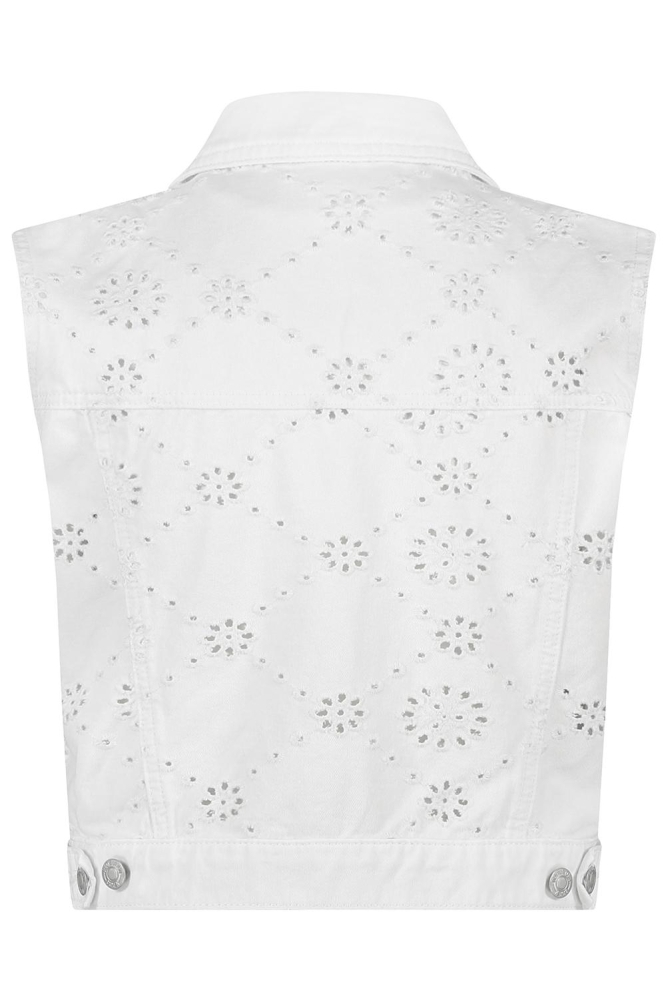 Red Button witte dames gilet | Achteraanzicht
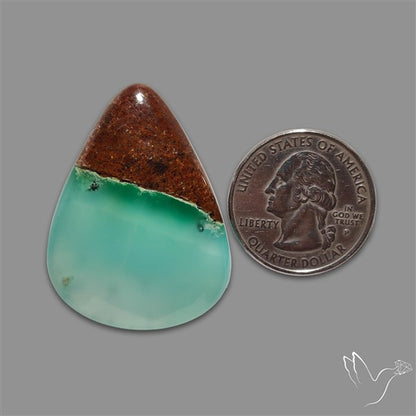 Australian Boulder Chrysoprase Cabochon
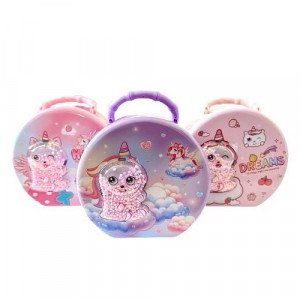 Iron Children's Piggy Bank with Number Lock, Unicorn Shape, Several Colors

▸ **WORK TO BE COMPLETED**
Which lines run from the one containing "Australian Boulder Chrysoprase Cabochon" to the end of the data above? Set down those lines exactly, and only those, without any pictures.

▸ **RESULT OF THE EXERCISE**
 Australian Boulder Chrysoprase Cabochon
 Iron Children's Piggy Bank with Number Lock, Unicorn Shape, Several Colors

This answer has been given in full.